The National Park Service has some important bear tips on what not to do if you — and a friend — encounter a bear in the wild.

“If you encounter a bear, never push a slower friend down”, the agency wrote on Twitter on Tuesday“even if you feel the friendship has run its course.”

The agency used the lighthearted joke as a transition to more serious bear safety advice.

“Seeing a bear in the wild is a treat for any national park visitor,” the agency wrote in another tweet. “While this is an exciting time, it’s important to remember that bears in national parks are wild and can be dangerous.”
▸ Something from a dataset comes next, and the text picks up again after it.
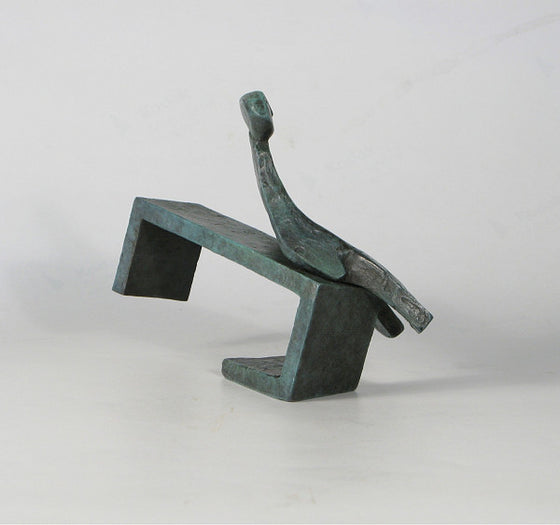 Balancing Man on Bench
Bears of different species make their home in various habitats across the United States. Brown or grizzly bears are found in Wyoming, Montana, Idaho, and Washington, while black bears can be found throughout much of the Northeast, Appalachia, and the West Coast, in addition to parts of the South and Midwest.

The service points out that as spring approaches, the bears will become more active. On their website, the National Park Service advises visitors who encounter a bear to keep their distance from the animal and not startle the bear if it hasn’t noticed you yet. If the bear notices you, you should “identify” as a human by standing still, speaking calmly, and waving your arms. Hikers should also travel in groups if possible.

The website also notes that bear attacks are rare but can occur.

On Twitter, users seemed more interested in asking for more friendship tips from the National Park Service than learning more about bear safety.

One user, for example, asked what he should do “if he considers me a friend, but I just consider him an acquaintance.”

“Friendships are special, but they don’t happen by chance,” the agency replied. “It takes effort and trust to build a lasting friendship. Good luck.”